*** Information supplied

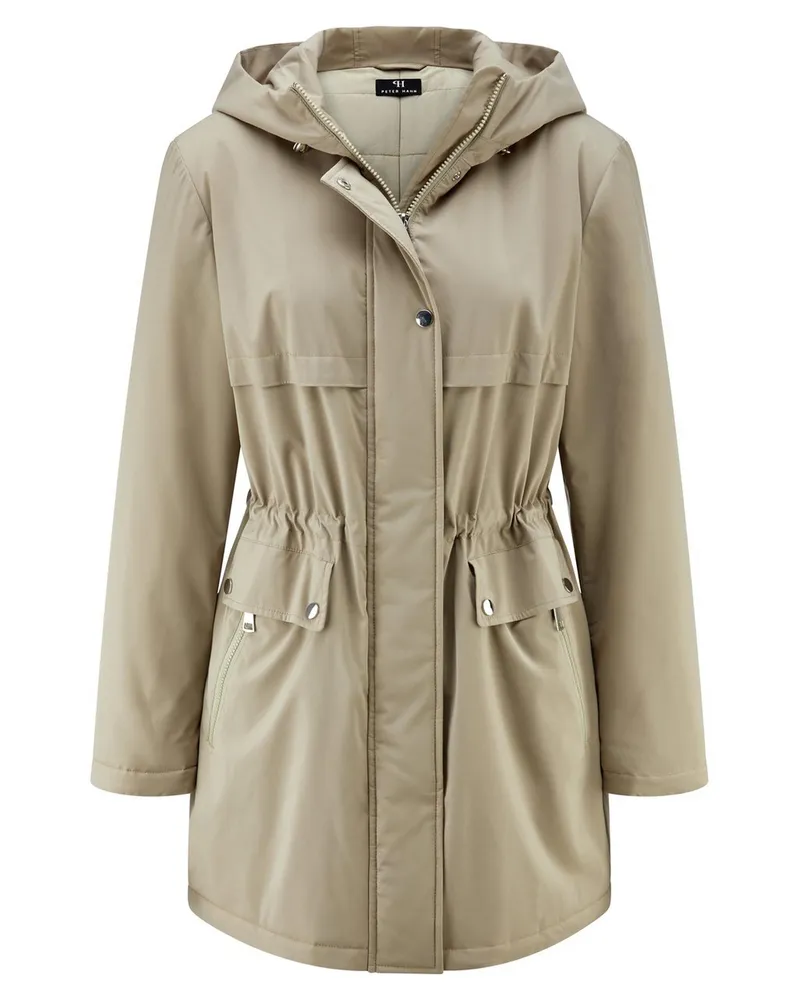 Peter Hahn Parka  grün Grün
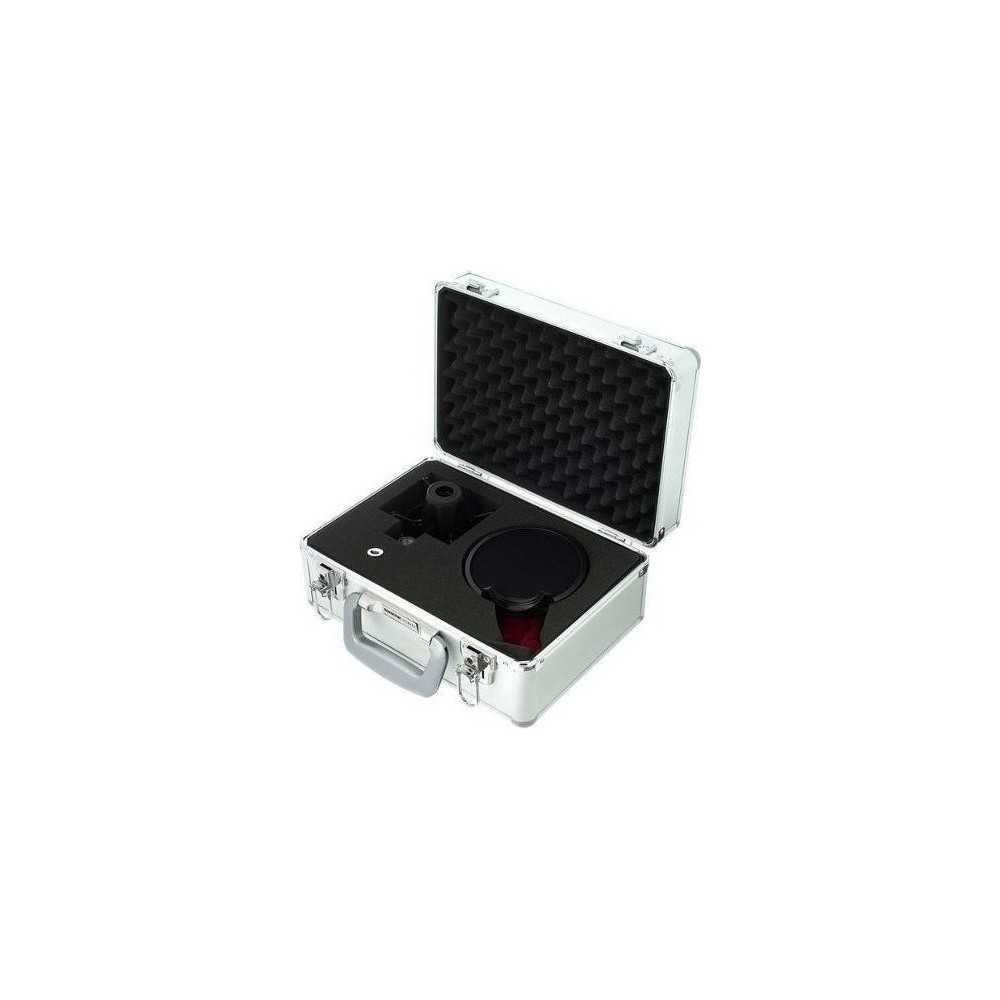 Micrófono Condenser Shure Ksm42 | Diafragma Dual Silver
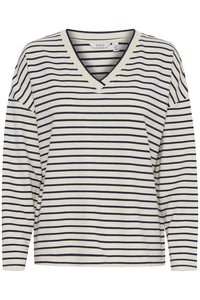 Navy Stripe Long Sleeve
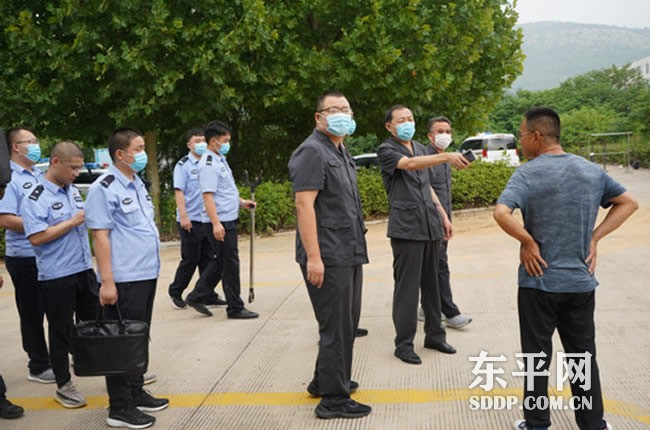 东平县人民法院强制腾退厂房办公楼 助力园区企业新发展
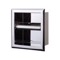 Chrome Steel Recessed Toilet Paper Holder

******

Work order :: Print exactly the span of lines that begins with the line containing "东平县人民法院强制腾退厂房办公楼 助力园区企业新发展" and ends with the last line of the listing, with no pictures.

Task output ::
 东平县人民法院强制腾退厂房办公楼 助力园区企业新发展
 Chrome Steel Recessed Toilet Paper Holder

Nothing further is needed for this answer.